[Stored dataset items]
......

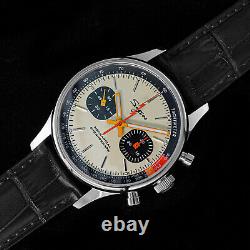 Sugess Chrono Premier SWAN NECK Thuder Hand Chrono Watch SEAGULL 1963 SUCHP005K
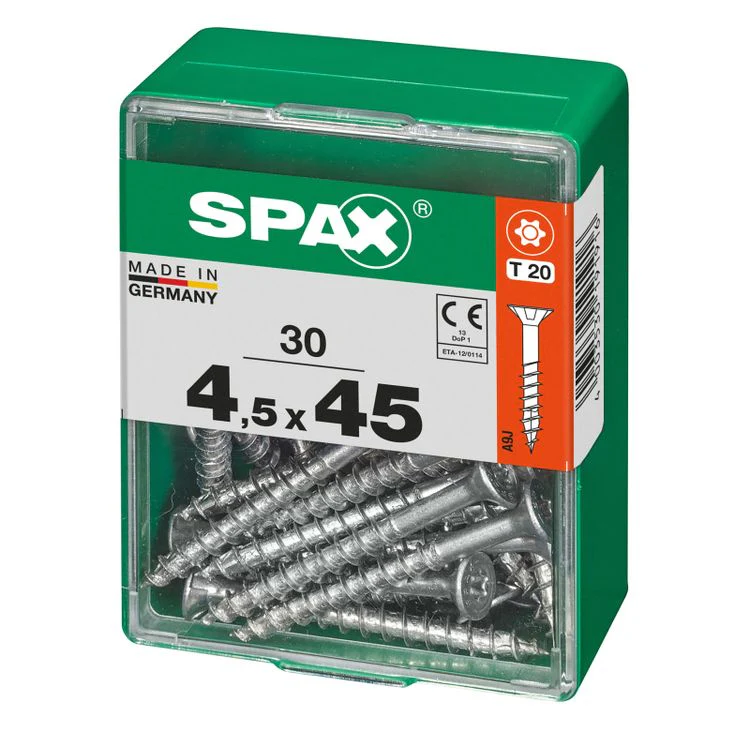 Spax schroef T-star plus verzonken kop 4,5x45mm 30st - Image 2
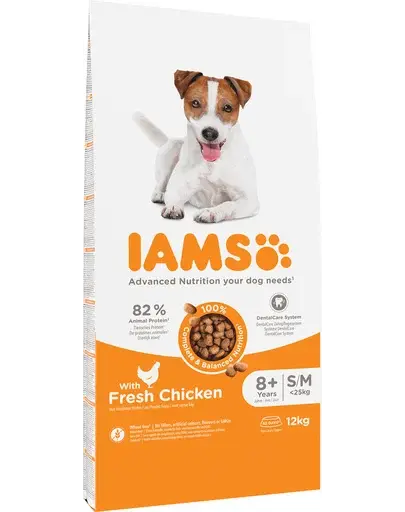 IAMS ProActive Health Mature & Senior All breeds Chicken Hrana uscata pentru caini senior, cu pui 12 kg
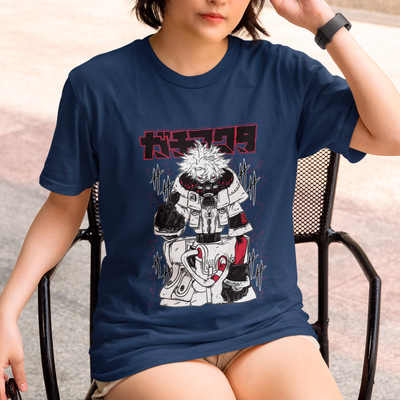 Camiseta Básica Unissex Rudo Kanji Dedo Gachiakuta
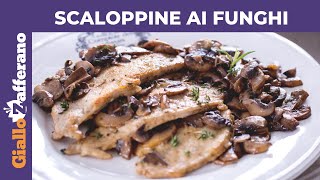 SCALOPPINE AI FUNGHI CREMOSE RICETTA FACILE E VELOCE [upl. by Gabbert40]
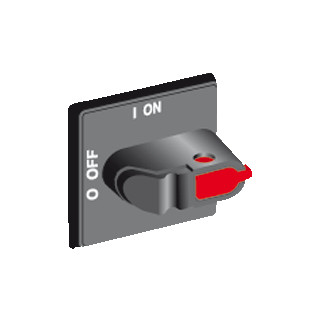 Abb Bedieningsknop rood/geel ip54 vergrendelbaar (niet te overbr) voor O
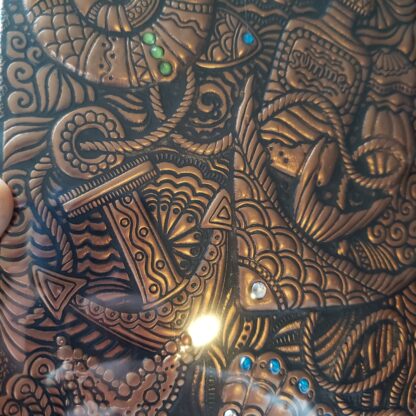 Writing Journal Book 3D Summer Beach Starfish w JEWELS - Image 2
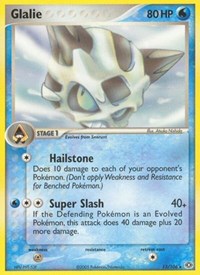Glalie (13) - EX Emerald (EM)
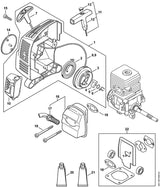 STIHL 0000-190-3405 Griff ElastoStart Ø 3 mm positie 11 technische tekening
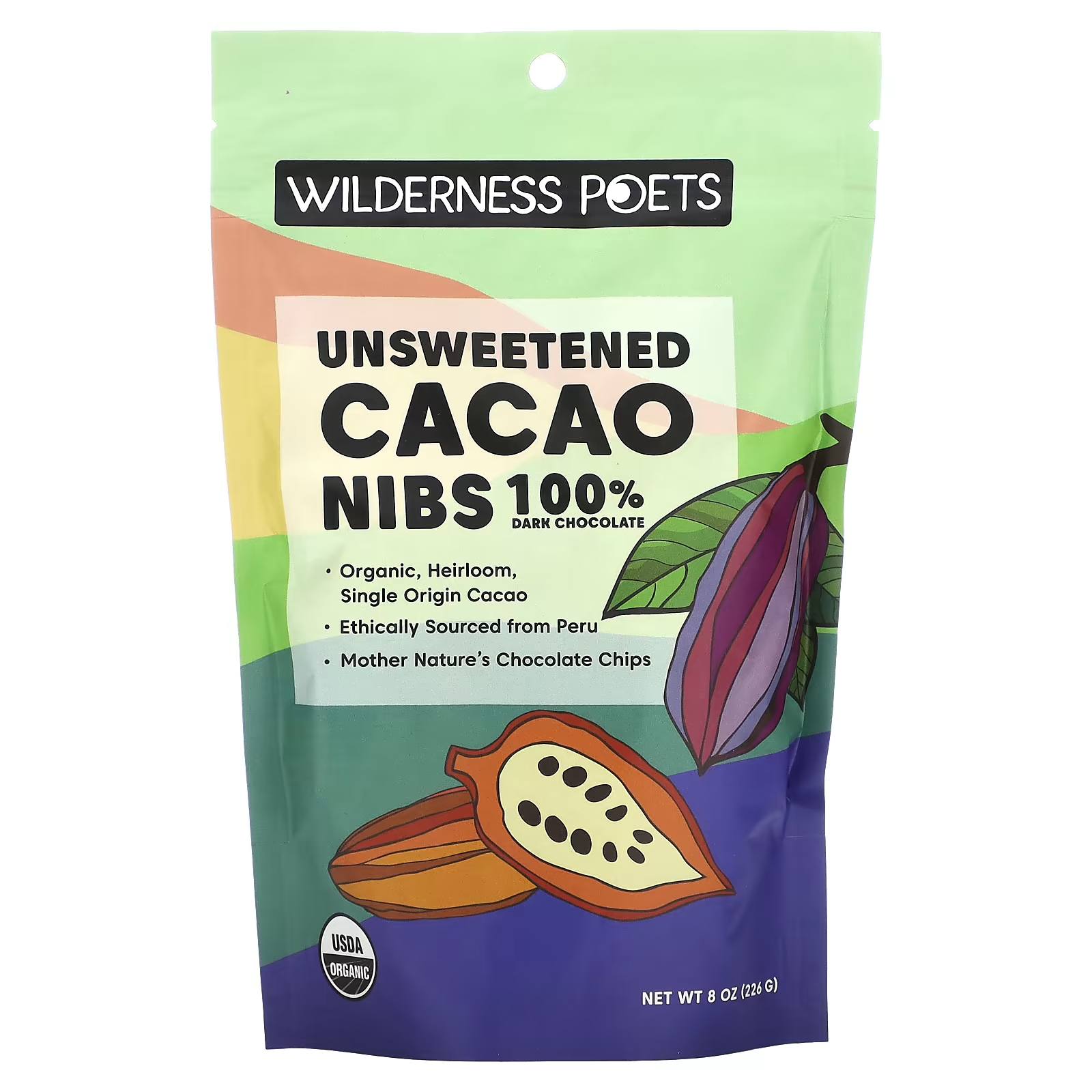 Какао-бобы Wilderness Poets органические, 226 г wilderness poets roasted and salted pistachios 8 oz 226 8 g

......

▸ **Description of the task**: From the line containing "Writing Journal Book" to the last line of the records above, return each line exactly, both ends included, and nothing more. Leave out the pictures.

▸ **Answer section**:
 Writing Journal Book 3D Summer Beach Starfish w JEWELS - Image 2
Glalie (13) - EX Emerald (EM)
 STIHL 0000-190-3405 Griff ElastoStart Ø 3 mm positie 11 technische tekening
 Какао-бобы Wilderness Poets органические, 226 г wilderness poets roasted and salted pistachios 8 oz 226 8 g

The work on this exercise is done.